In our nearly seven years as homeowners, my wife and I have had to deal with a lot of problems — broken garage doors, rodents in the attic, a hail-damaged roof and a stuck front door, to name a few.

But until last week, we never had to deal with frogs.

That’s right. Frogs.

Last Wednesday, my wife and I were watching TV in the den when the croaking started. It was so loud we could hear it over the TV and our home’s air-conditioning unit.

Since we live near a large pasture, we figured the recent storms had brought out a bunch of frogs across the street, and that’s what we were hearing.

But as we stepped into the living room, the sound grew louder. That’s when we realized the little croakers weren’t in the pasture but were on our back patio.

By the time we made our way to the kitchen, the sound was almost deafening. After waiting a few minutes, we realized they weren’t going to stop anytime soon.

I went out on the patio — which had a small pool of standing water in the corner from a recent rain — and saw a little frog sitting there with his throat all puffed out, croaking to beat the band.
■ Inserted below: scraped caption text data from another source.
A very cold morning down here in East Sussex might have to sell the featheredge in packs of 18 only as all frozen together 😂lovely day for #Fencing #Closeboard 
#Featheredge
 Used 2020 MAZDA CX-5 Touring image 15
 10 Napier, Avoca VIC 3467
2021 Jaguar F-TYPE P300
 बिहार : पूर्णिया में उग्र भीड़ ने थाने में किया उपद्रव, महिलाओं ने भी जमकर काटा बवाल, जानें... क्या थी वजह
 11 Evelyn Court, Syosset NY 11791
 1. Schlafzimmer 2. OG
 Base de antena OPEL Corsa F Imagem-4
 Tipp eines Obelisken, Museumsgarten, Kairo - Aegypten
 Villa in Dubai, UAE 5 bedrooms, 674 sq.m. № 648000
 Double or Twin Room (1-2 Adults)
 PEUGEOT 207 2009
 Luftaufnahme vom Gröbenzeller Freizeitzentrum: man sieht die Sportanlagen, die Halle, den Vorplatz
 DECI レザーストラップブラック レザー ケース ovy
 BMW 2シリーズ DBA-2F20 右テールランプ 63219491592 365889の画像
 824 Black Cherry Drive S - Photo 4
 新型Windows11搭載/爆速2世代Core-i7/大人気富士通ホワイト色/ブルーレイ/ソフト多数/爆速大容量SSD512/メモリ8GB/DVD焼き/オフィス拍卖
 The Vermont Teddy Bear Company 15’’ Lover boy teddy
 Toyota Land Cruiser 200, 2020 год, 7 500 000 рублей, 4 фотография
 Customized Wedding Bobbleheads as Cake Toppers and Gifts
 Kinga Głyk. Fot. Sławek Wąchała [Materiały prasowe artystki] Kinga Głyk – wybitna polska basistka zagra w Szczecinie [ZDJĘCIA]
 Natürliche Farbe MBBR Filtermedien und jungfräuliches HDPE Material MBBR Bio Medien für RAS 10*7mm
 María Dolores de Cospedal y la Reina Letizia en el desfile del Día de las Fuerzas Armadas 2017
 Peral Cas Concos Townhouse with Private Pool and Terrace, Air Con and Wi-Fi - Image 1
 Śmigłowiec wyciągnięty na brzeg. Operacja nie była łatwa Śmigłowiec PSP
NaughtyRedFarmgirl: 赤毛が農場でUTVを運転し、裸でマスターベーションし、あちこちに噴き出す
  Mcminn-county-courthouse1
Another one was poking his head above the grass on the far side.

But an even larger and louder frog was sitting right next to our bedroom’s sliding patio door. We knew we were in for a sleepless night if we couldn’t convince him to move on.

I stood over him for a while, telling him to scram and waving my hands in front of him. That only made him edge closer to the wall.

A couple of minutes later, he started croaking again, even louder this time.

I had to get him out of there.

I finally managed to coax the frog out away from the wall, but then he started heading back toward the bedroom’s sliding door.

I knew what I had to do.

I reached down and grabbed him between hops. He started kicking and squirming, and I knew I wouldn’t be able to hold on to the slimy little guy for long. So I tossed him underhand about 15 feet out onto the grass beyond the patio.

Well, that shut him up — for about five minutes.

It took about that long for him and his buddies to start in on another full-throated chorus.

By now, it was nearly midnight and we really needed to go to bed.

Even though we turned on some music and a tower fan, we could still hear our amphibious trio trolling for dates in the darkness.

Somehow, we managed to sleep through the cacophony, and in the morning, they were gone.

It’s been about a week since the little croakers decided to have their singles bash in our patio area. Maybe they struck out with the ladies that night, or perhaps they were a little miffed that I was a less than welcoming host, but the frogs have not returned.

I have to admit, I liked having them around — in principle, anyway.

They are kind of cute, and listening to them take turns croaking away was pretty funny. Even though my wife and I grew increasingly exasperated as they droned on and on, we were also somewhat amused.

So for now, life has returned to normal at the Miller household — except for that incident a couple of nights later when we lost power during a thunderstorm and had to stumble around in the dark for several hours.

You never know how much you depend on electric lights until you have to find your way around the house with a flashlight or cellphone.

But that’s another story.

Anyway, the frogs are gone for now, and our patio has gone back to being just a boring old patio.

But for one night, it was really hopping.